The plan is part of its commitment to invest $6.2 billion in U.S. plants by 2015 under an agreement reached in October 2011 with the UAW, the automaker said today.

Ford said the investments will create 2,350 hourly jobs and allow it to retain another 3,240 hourly jobs. The new jobs are part of the 12,000 Ford previously said it would add or retain in the United States by 2015 under the UAW deal.

Some of the new jobs will earn entry-level wages, which start at just under $16 an hour. Traditional nonskilled UAW workers at Ford earn an average of just over $28. This year, Ford has added more than 6,500 hourly jobs and most of those were filled by people hired at the entry-level pay rate.

Over the next six months, Ford said it will upgrade stamping operations at Michigan Assembly Plant and Dearborn Stamping Plant, as well as finish work at Flat Rock Assembly Plant to build the new Fusion sedan.

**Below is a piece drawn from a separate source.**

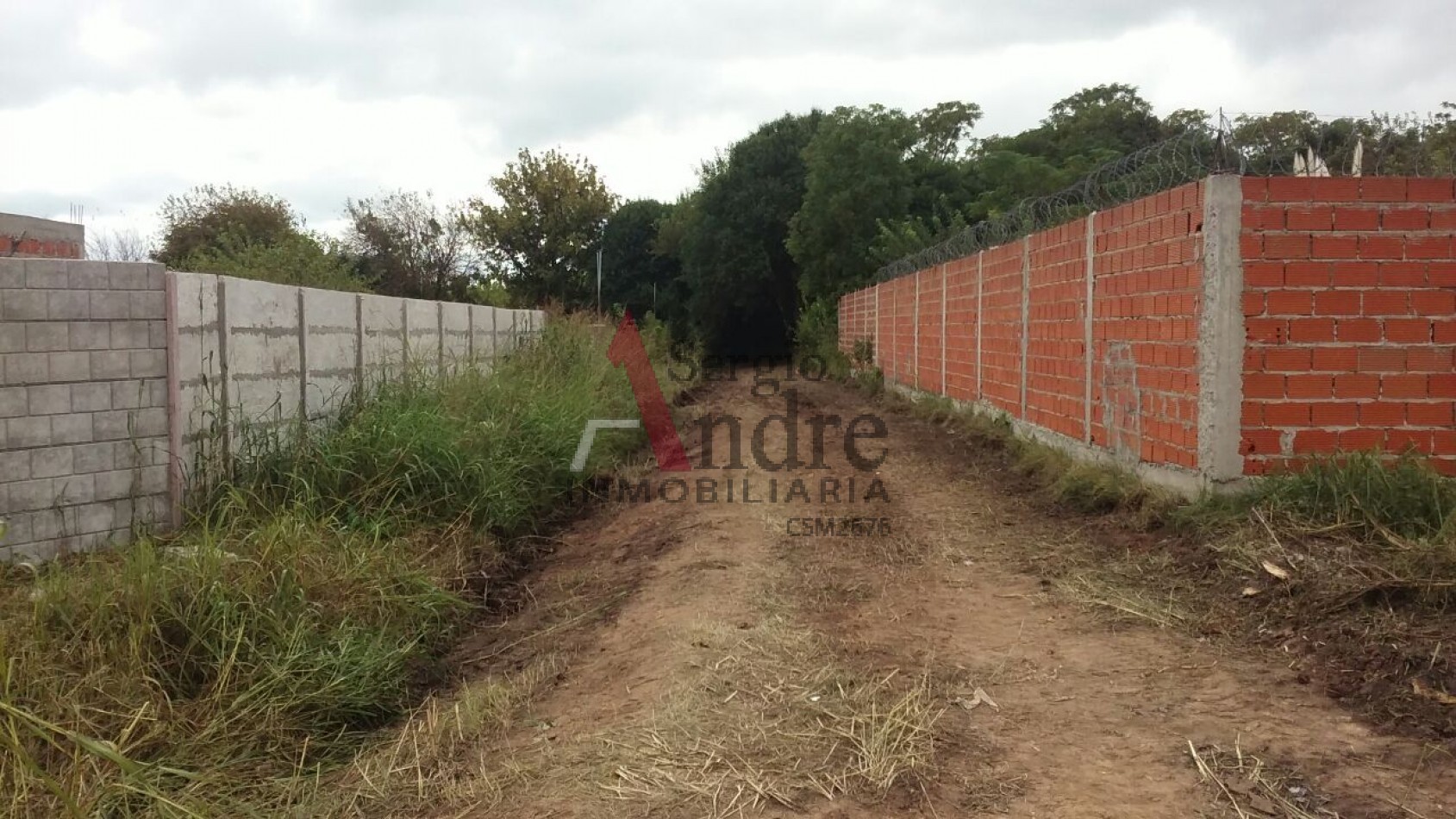 LOTE EN VENTA LAS ORQUIDEAS BARRIO LAMBERTUCCI ESCOBAR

Some Fusion production was shifted from Mexico under the four-year pact with the UAW.

The work will include $59.4 million to expand the stamping press line at Michigan Assembly, $305 million for plant modernization and new equipment at Dearborn Stamping, and $161 million for new equipment in Flat Rock.

The investments also will include $86 million at Sterling Axle Plant, $87.7 million at Van Dyke Transmission and $74.7 million at Livonia Transmission, all for new equipment.